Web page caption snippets
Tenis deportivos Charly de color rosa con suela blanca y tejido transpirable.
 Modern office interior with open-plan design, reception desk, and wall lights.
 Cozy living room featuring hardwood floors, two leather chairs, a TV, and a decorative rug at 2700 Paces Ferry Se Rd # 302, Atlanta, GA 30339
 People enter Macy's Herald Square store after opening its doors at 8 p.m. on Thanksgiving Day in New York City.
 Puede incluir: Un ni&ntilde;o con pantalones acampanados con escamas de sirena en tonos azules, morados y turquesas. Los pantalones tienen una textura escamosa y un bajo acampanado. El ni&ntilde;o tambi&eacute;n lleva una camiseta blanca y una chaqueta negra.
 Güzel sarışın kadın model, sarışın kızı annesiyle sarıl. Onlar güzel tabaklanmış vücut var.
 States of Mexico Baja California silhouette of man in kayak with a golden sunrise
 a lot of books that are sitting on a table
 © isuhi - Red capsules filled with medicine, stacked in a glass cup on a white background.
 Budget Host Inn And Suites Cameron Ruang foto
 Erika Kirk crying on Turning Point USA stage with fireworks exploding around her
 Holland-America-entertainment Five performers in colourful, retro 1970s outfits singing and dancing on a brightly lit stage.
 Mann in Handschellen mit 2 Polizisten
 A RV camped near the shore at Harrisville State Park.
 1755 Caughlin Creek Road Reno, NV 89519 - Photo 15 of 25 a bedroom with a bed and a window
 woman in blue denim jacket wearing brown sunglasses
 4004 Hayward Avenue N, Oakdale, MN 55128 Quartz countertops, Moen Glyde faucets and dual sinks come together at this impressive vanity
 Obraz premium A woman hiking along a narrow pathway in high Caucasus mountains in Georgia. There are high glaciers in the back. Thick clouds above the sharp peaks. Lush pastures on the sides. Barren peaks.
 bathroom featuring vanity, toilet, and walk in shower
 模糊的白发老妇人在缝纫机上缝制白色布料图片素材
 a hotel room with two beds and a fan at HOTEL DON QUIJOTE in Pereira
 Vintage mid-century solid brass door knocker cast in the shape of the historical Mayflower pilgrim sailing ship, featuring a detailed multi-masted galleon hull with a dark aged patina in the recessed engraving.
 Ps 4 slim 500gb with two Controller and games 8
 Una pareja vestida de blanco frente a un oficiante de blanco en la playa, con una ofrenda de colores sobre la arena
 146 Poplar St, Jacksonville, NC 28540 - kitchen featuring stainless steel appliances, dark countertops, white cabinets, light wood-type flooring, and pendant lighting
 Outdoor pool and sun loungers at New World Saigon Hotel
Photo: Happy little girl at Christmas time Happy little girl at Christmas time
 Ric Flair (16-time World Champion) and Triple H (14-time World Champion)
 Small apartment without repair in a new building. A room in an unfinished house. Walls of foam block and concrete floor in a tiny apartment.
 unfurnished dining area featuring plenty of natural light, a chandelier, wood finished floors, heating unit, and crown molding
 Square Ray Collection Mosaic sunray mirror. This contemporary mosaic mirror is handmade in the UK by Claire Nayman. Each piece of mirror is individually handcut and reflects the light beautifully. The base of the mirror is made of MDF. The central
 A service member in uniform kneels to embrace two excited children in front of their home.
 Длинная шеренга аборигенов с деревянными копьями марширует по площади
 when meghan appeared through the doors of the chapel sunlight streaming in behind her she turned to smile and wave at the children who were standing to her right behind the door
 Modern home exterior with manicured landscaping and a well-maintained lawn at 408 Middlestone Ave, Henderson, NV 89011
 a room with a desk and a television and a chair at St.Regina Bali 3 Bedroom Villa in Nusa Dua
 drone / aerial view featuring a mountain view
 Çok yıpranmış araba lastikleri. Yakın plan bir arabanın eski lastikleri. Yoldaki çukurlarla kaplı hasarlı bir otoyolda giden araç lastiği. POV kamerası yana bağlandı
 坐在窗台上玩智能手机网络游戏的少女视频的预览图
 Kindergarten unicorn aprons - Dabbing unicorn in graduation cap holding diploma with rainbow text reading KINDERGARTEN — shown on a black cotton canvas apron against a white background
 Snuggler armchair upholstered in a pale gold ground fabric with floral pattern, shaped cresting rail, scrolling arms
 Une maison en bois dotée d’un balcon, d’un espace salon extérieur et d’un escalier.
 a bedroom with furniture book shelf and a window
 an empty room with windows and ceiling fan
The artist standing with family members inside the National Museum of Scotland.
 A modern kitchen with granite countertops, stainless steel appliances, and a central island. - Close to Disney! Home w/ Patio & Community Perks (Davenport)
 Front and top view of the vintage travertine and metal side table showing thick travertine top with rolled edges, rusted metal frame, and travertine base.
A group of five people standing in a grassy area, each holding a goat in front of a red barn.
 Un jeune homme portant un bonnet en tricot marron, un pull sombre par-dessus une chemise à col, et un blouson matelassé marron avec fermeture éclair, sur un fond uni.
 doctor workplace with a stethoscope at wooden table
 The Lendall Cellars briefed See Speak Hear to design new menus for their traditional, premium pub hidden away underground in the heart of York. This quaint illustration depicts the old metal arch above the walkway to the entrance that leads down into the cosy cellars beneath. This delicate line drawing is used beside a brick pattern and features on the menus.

### Task instructions
Go through the entries above and copy every line containing "York".

### Answer below
 People enter Macy's Herald Square store after opening its doors at 8 p.m. on Thanksgiving Day in New York City.
 The Lendall Cellars briefed See Speak Hear to design new menus for their traditional, premium pub hidden away underground in the heart of York. This quaint illustration depicts the old metal arch above the walkway to the entrance that leads down into the cosy cellars beneath. This delicate line drawing is used beside a brick pattern and features on the menus.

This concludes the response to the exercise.